The index plan

In order to index the CSV, we want to take two fields from each row, title and description, and turn them into suitable terms. For straightforward textual search we don’t need document values.

Because we’re dealing with free text, and because we know the whole dataset is in English, we can use stemming so that for instance searching for “sundial” and “sundials” will both match the same documents. This way people don’t need to worry too much about exactly which words to use in their query.

Finally, we want a way of separating the two fields. In Xapian this is done using term prefixes, basically by putting short strings at the beginning of terms to indicate which field the term indexes. As well as prefixed terms, we also want to generate unprefixed terms, so that as well as searching within fields you can also search for text in any field.
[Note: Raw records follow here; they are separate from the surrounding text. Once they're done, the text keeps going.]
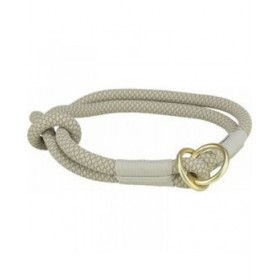 Collari da addestramento per cani Trixie Soft Rope Grigio Grigio chiaro XS/S 30 cm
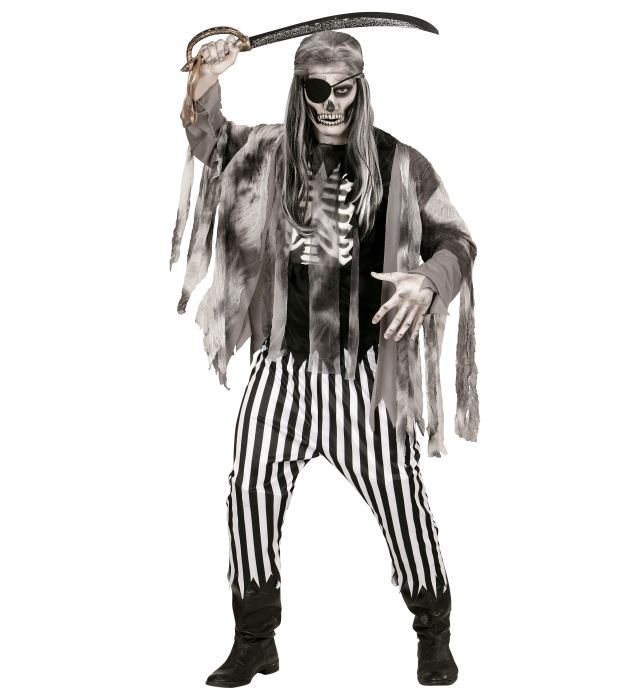 Costum Pirat Fantoma Halloween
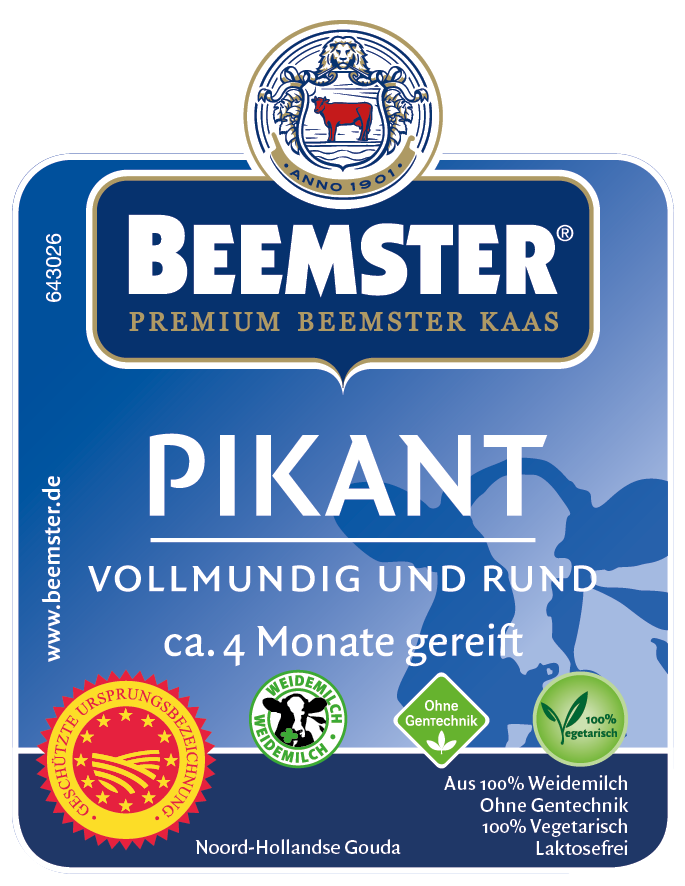 PP-Beemster Pikant, 48 Stück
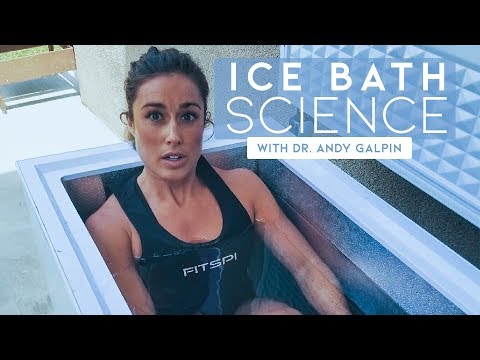 Ice Bath Science with Dr. Andy Galpin 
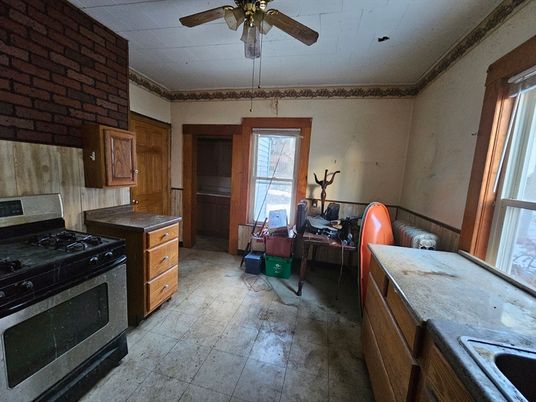 Interior, Kitchen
There are some conventional prefixes used, which is helpful if you ever need to interoperate with omega (a web-based search engine) or other compatible systems. From this, we’ll use ‘S’ to prefix title (it stands for ‘subject’), and for description we’ll use ‘XD’. A full list of conventional prefixes is given at the top of the omega documentation on termprefixes.

When you’re indexing multiple fields like this, the term positions used for each field when indexed unprefixed need to be kept apart. Say you have a title of “The Saints”, and description “Don’t like rabbits? Keep reading.” If you index those fields without a gap, the phrase search “Saints don’t like rabbits” will match, where it really shouldn’t. Usually a gap of 100 between each field is enough.

To write to a database, we use the WritableDatabase class, which allows us to create, update or overwrite a database.

To create terms, we use Xapian’s TermGenerator, a built-in class to make turning free text into terms easier. It will split into words, apply stemming, and then add term prefixes as needed. It can also take care of term positions, including the gap between different fields.